Between them, John Ruvido and Alex Kelley have over 120 years of experience as husbands. Subtract just a few years, and you have their experience as fathers.
The two have good advice for those who may be new to fatherhood, or may simply have less experience than the 60ish years each has accrued. The advice is especially important considering that Ruvido believes that parenting is more difficult now than when he had his first child.
“I think it’s tougher now because of the times,” he said. “It’s more demanding now.”
Ruvido and Kelley are residents of Bayberry at Emerald Court, an assisted-living community in Tewksbury.
Ruvido worked for the Medford Police for 32 years, and began his family almost immediately after marrying his wife Virginia, some 65 years ago.
“We had (the baby) right away, the first one, and the other ones were a few years apart,” he said.
Kelley waited a while. He served a six-year stint with the Coast Guard, travelling to areas as remote as the North Pole. Because of his service, his first child didn’t arrive until five years into his marriage to his wife, also named Virginia.

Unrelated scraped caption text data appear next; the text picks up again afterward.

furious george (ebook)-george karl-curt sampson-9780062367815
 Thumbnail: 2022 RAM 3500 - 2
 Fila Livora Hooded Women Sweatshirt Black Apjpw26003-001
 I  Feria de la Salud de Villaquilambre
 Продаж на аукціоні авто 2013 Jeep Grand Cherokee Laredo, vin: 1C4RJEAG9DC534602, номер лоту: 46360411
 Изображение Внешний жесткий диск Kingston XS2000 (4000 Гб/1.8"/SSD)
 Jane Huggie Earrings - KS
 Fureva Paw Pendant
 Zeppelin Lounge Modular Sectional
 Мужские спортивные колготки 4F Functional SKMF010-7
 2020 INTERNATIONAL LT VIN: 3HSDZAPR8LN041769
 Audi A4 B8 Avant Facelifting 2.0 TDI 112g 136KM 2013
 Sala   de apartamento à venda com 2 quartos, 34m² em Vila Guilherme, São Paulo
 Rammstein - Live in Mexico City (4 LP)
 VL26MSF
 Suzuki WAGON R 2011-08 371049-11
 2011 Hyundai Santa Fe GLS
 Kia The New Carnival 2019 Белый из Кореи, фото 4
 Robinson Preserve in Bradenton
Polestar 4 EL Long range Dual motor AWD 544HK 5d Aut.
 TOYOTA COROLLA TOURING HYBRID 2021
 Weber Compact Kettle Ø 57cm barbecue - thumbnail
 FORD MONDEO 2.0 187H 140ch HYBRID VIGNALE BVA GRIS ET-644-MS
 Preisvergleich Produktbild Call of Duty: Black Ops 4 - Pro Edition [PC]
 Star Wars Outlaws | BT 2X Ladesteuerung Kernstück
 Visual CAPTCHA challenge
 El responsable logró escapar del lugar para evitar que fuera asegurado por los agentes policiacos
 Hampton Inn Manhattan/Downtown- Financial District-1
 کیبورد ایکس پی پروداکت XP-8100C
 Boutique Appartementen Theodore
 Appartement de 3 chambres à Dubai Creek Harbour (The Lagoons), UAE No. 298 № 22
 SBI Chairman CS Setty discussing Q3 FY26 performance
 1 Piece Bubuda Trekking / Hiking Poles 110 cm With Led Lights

The similarities continue: both Kelley and Ruvido have three children -- two daughters and a son. The Ruvidos, however, have a combined six grandchildren and great grandchildren compared to the Kelley’s 10.
One important piece of advice that the two veteran fathers would like to impart to rookie fathers is that they remember the importance of their new families.
“Stay close to them, keep them close,” said Ruvido. “Be there as needed.”
“I’d say keep close to your wife, she needs help,” said Kelley. “Take care of the family.”
Kelley said that the fatherhood memory that has stuck with him is the birth of his first child—something that is especially poignant because of his time spent away from the family due to military service.
Kelley was shipped out to the North Pole for six months after the birth of his first child, and said that missing the child and her formative years was one of the more unpleasant memories of fatherhood.
“I was overseas most of the time for the first child,” he said. “It was a good reunion when I got back.”
While he was gone, Kelley’s parents helped out caring and watching over his children.
“My mother was very close to the kids, closer than we were because I was aboard ship and (my wife) worked,” said Kelley. “So my mother was a big help.
Both Ruvido and Kelley mentioned that being a new father meant that they had to adjust to added responsibility that came with the territory. Ruvido discovered he had to balance his work with life at home, and extra jobs were necessary to pay the bills.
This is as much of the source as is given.